*** Opening of STORED DATA ***
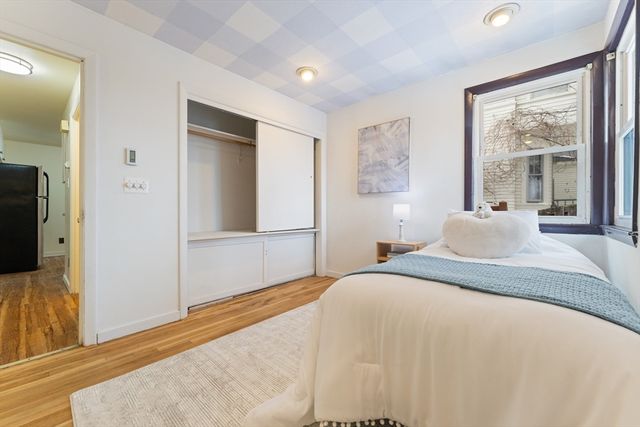 35 Dustin St, Worcester, MA 01604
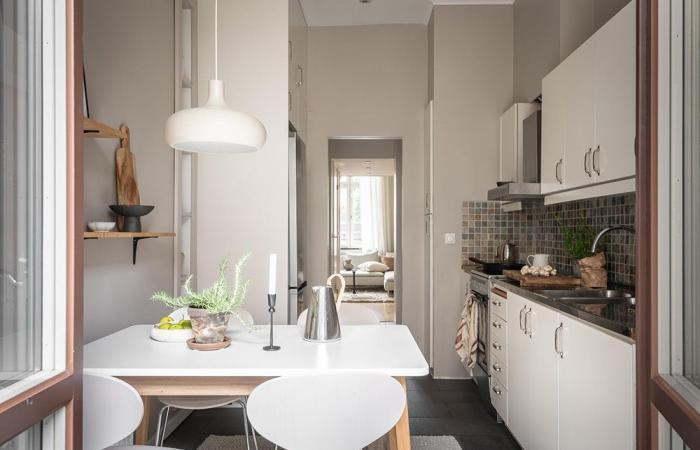 A small 33m2 apartment with mezzanine in beige tones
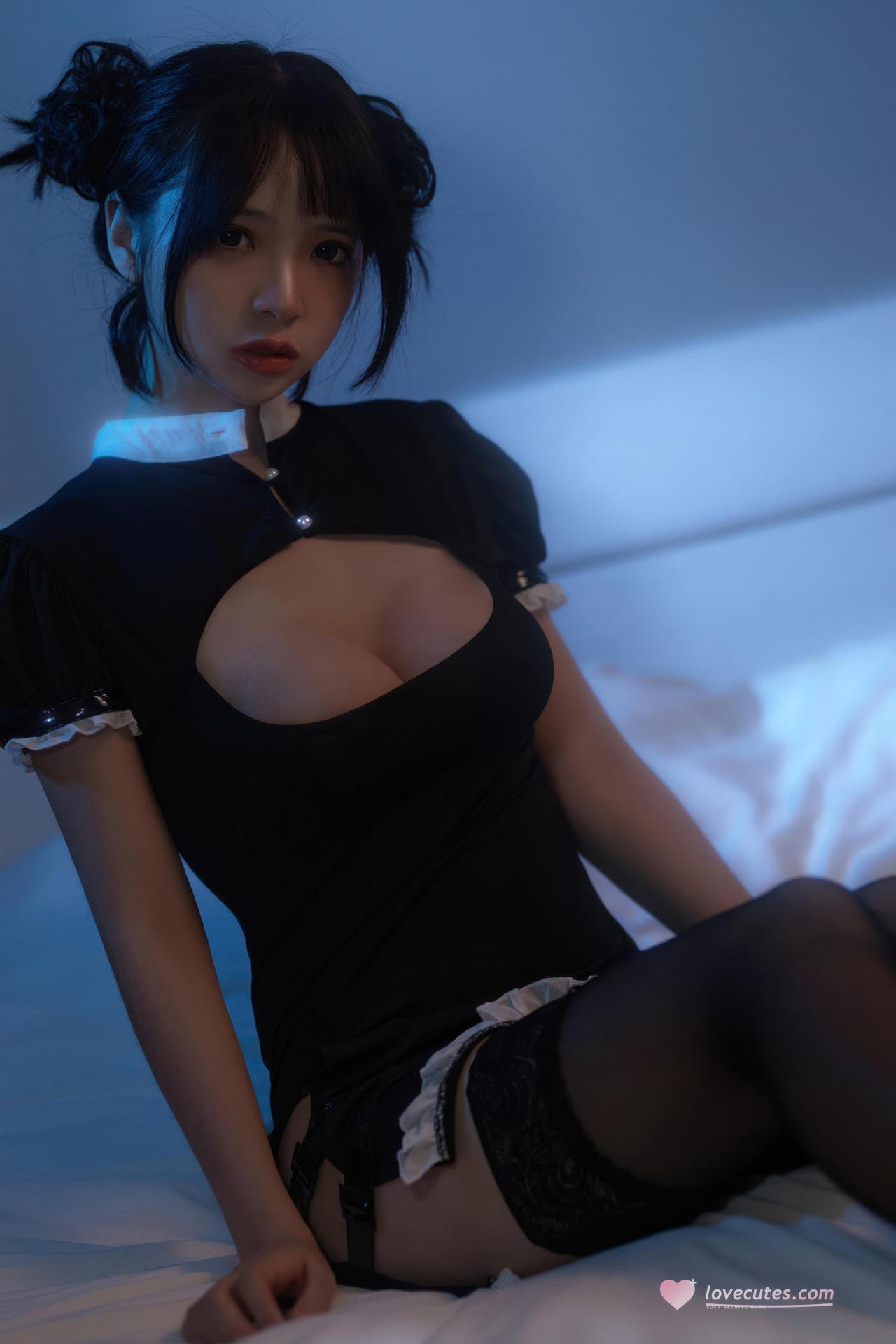 [Photos] Fengmao SS - Black Nurse: Uniform-Themed Indoor Photo Set 40P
*** Close of STORED DATA ***
**TASK TO COMPLETE**
Exclude all images and return the listing word for word.

**FINISHED TASK**
 35 Dustin St, Worcester, MA 01604
 A small 33m2 apartment with mezzanine in beige tones
 [Photos] Fengmao SS - Black Nurse: Uniform-Themed Indoor Photo Set 40P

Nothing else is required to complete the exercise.